BEGIN Recorded information
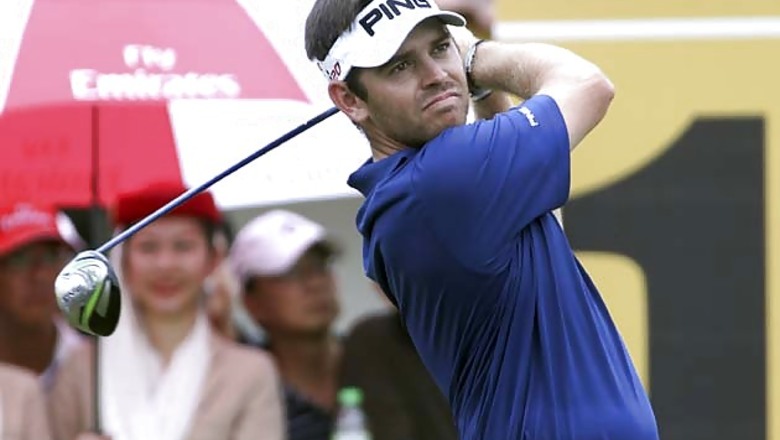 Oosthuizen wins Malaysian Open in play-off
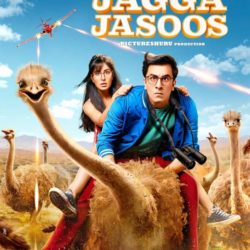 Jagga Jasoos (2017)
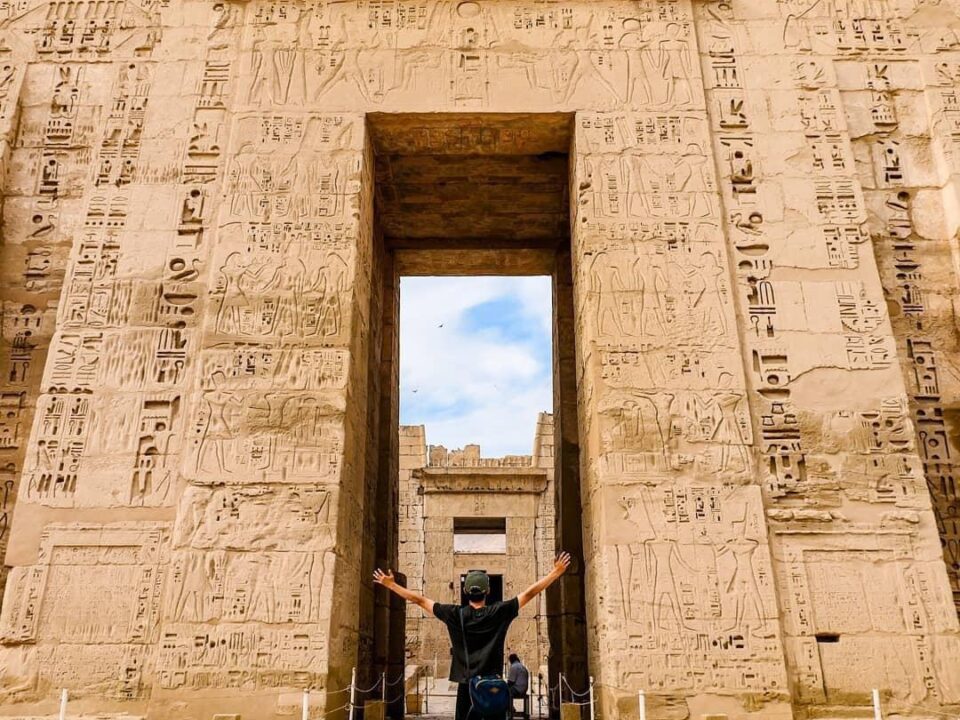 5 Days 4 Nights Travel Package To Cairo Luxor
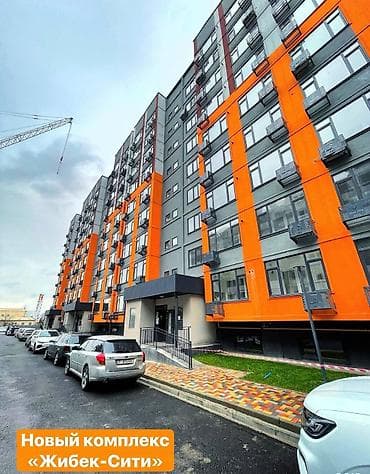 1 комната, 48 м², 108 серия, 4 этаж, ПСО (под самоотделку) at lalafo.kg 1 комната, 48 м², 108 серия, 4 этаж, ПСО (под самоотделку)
END Recorded information
BEGIN Recorded information
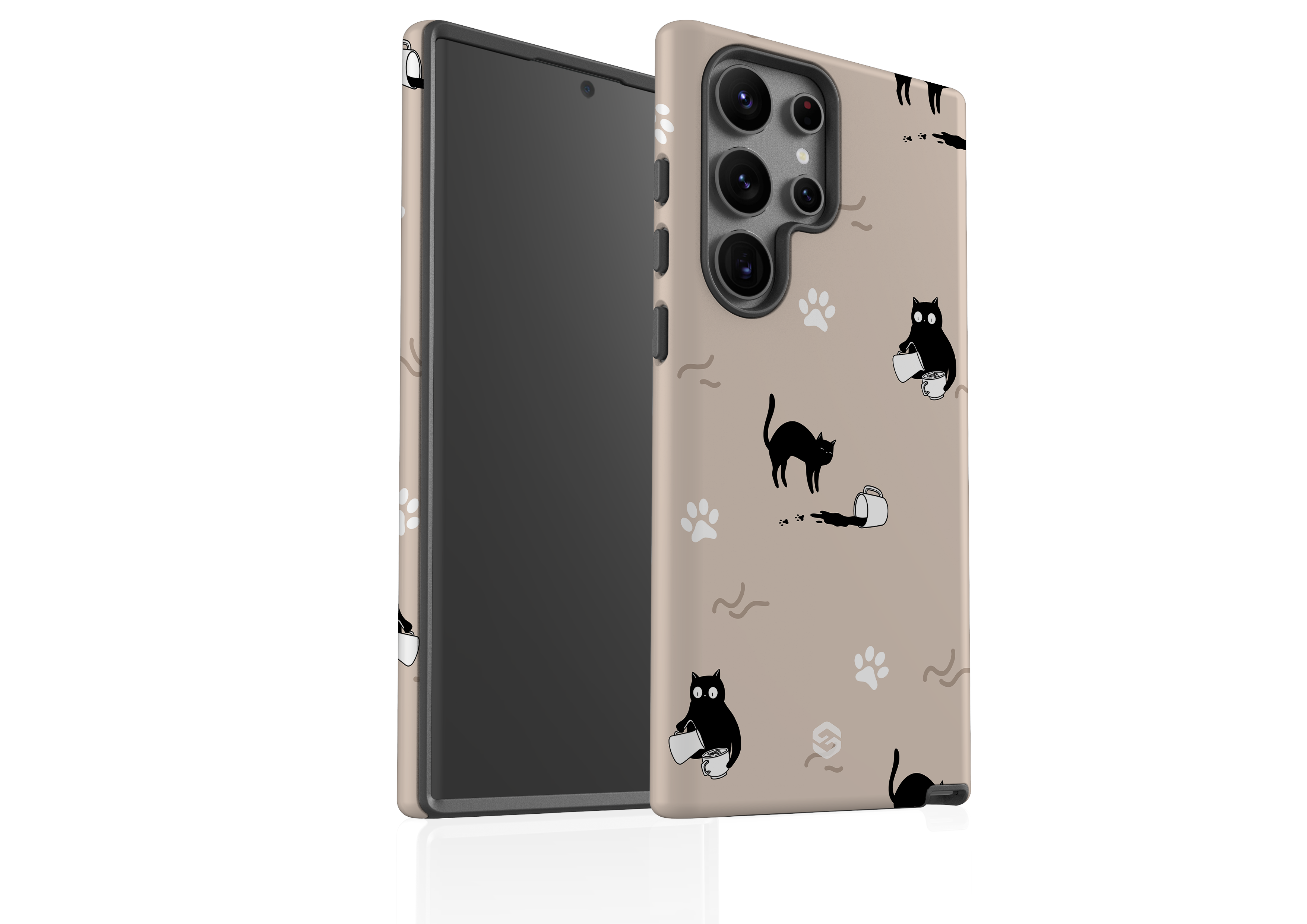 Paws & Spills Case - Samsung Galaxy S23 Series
END Recorded information
_What to produce_
Those lines of the records above that run from the one containing "Jagga Jasoos (2017)" through the one containing "(под самоотделку) at" should be returned exactly, with no pictures among them.

_Answer to the problem_
 Jagga Jasoos (2017)
 5 Days 4 Nights Travel Package To Cairo Luxor
 1 комната, 48 м², 108 серия, 4 этаж, ПСО (под самоотделку) at lalafo.kg 1 комната, 48 м², 108 серия, 4 этаж, ПСО (под самоотделку)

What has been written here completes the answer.